- _TASK INSTRUCTIONS_: Reproduce, word for word, the lines in the material below starting with the one that has "cristal M - 187704" and going on through the one that has "Draper James x". Leave out all pictures.

- _THE RECORDS_:
────────

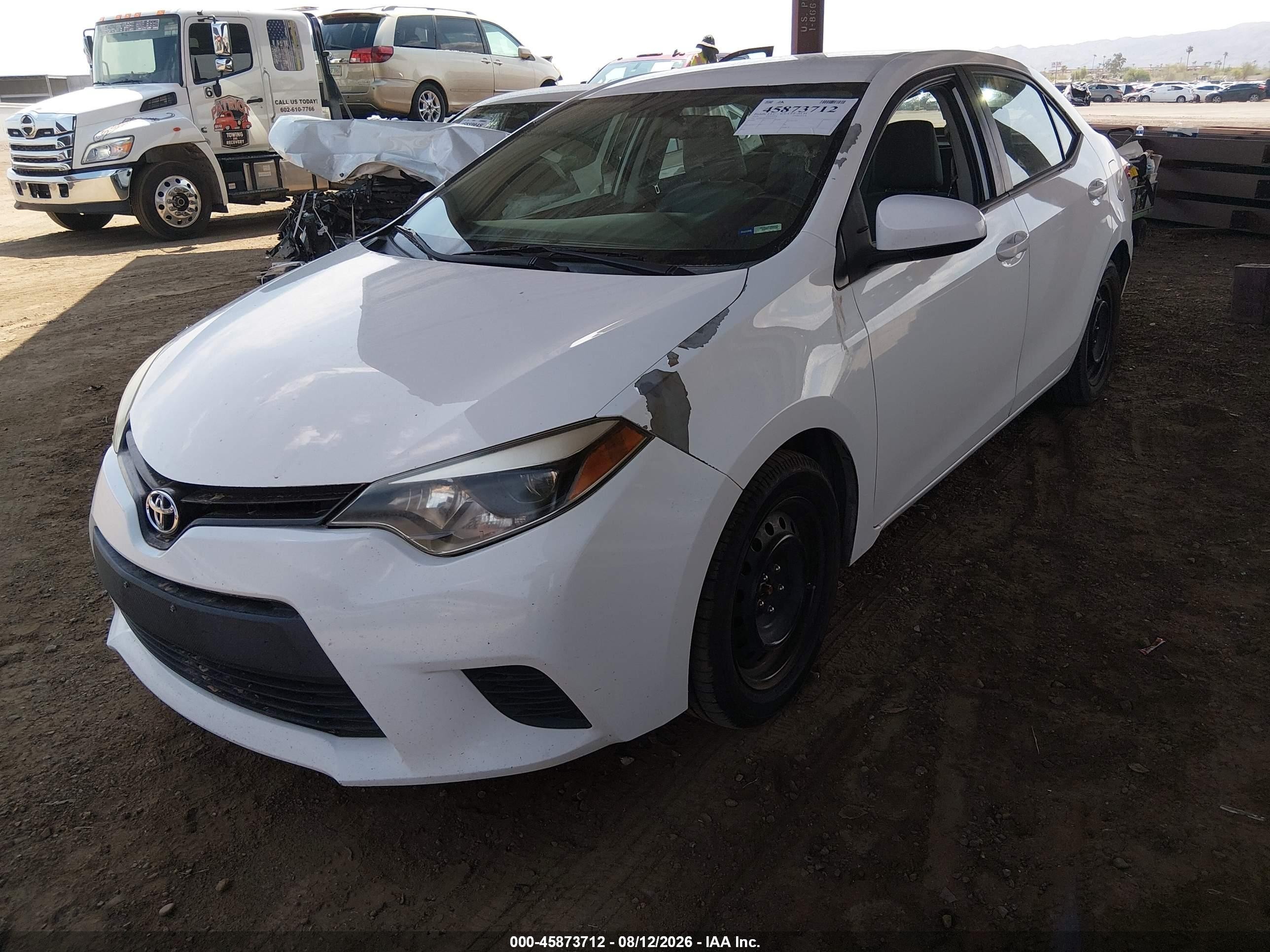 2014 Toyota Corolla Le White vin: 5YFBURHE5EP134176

────────

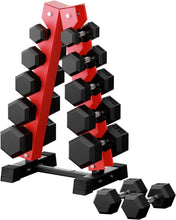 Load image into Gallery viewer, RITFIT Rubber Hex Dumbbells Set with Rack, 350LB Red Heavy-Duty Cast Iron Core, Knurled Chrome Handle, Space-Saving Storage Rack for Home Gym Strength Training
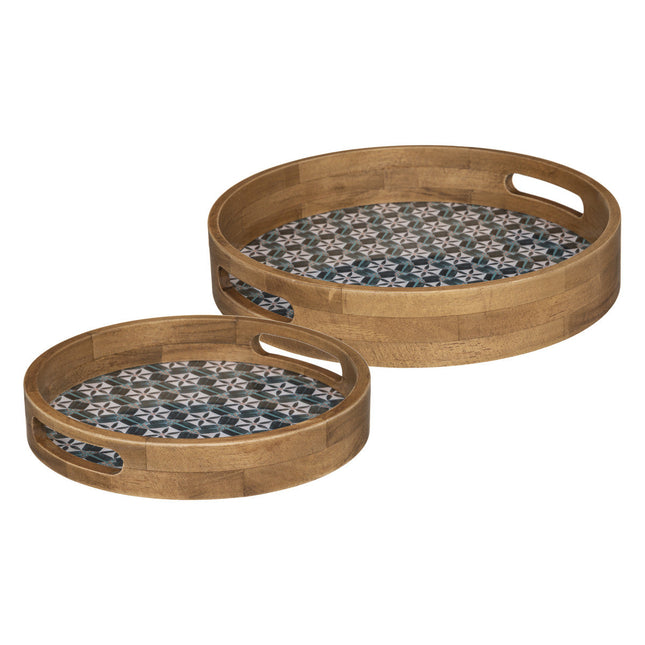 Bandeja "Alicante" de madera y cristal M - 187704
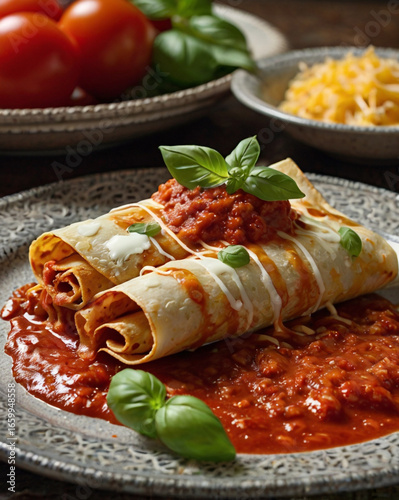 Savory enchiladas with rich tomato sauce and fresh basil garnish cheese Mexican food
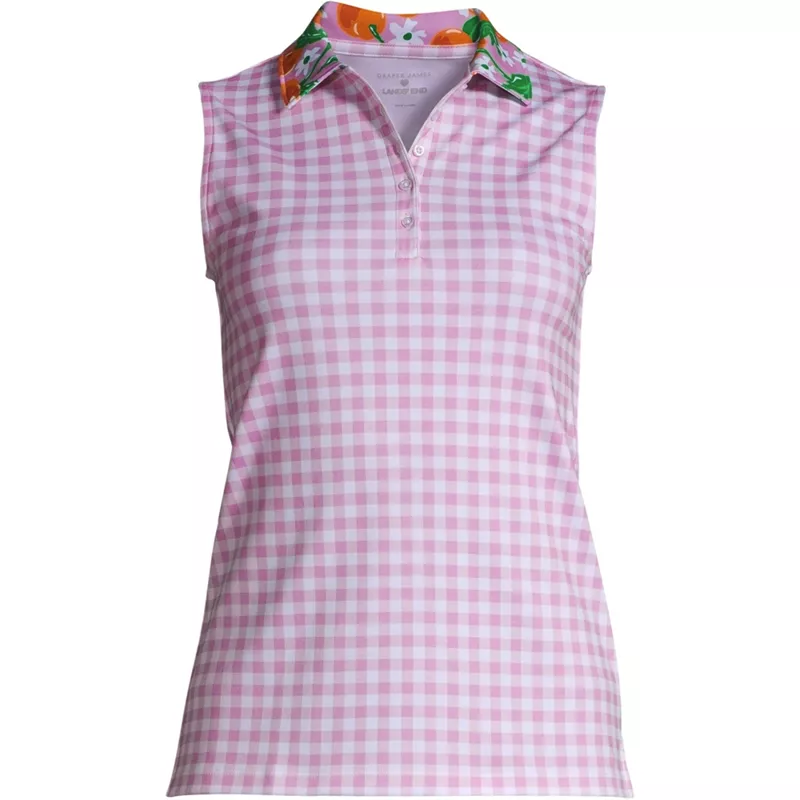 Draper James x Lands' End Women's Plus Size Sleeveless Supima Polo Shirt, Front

────────

- _THE COMPLETED TASK_:
 Bandeja "Alicante" de madera y cristal M - 187704
 Savory enchiladas with rich tomato sauce and fresh basil garnish cheese Mexican food
 Draper James x Lands' End Women's Plus Size Sleeveless Supima Polo Shirt, Front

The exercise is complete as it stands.